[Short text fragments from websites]
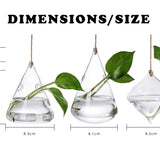 Ensemble de terrarium mural en verre - 3 pièces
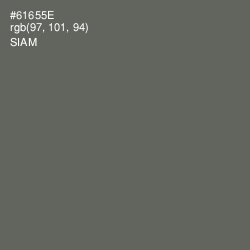 #61655E - Siam Color Image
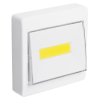 TS3-L2W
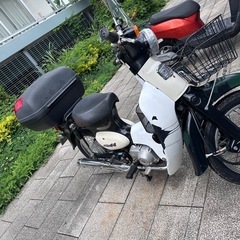 ホンダ　リトルカブ　C50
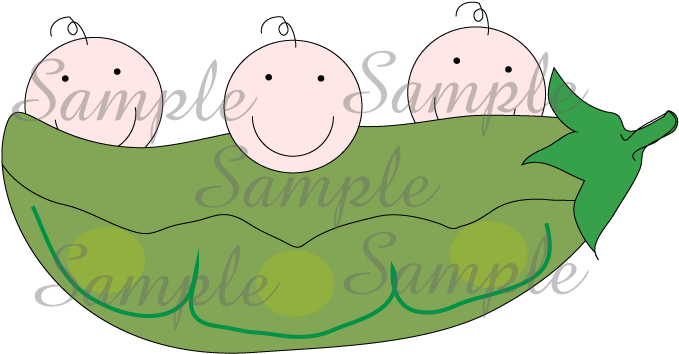 Pea Clipart Three - Illustration (800x800)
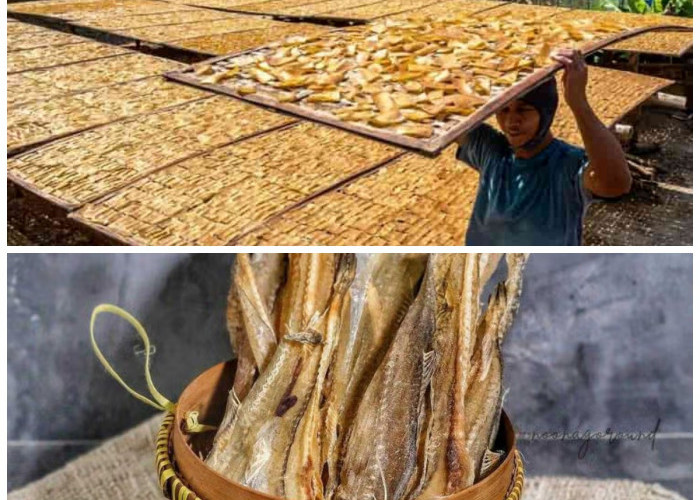 Eksplorasi Makanan Tradisional Langsa: Perpaduan Rasa Otentik yang Menggoda Selera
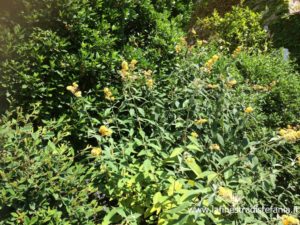 bushes with yellow flowers, arbustos con flores amarillas, buissons avec des fleurs jaunes, Büsche mit gelben Blüten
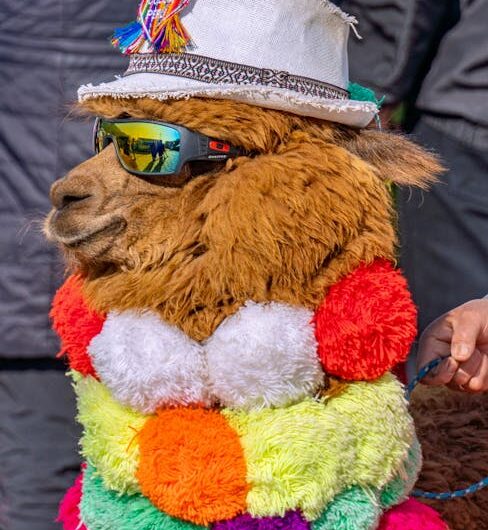 Ces photos d’animaux vont vous faire exploser de rire : les finalistes 2025 du Comedy Wildlife Awards dévoilés !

* [YOUR TASK]
Reproduce every record exactly; images stay out.

* [ANSWER]
 Ensemble de terrarium mural en verre - 3 pièces
 #61655E - Siam Color Image
 TS3-L2W
 ホンダ　リトルカブ　C50
 Pea Clipart Three - Illustration (800x800)
 Eksplorasi Makanan Tradisional Langsa: Perpaduan Rasa Otentik yang Menggoda Selera
 bushes with yellow flowers, arbustos con flores amarillas, buissons avec des fleurs jaunes, Büsche mit gelben Blüten
 Ces photos d’animaux vont vous faire exploser de rire : les finalistes 2025 du Comedy Wildlife Awards dévoilés !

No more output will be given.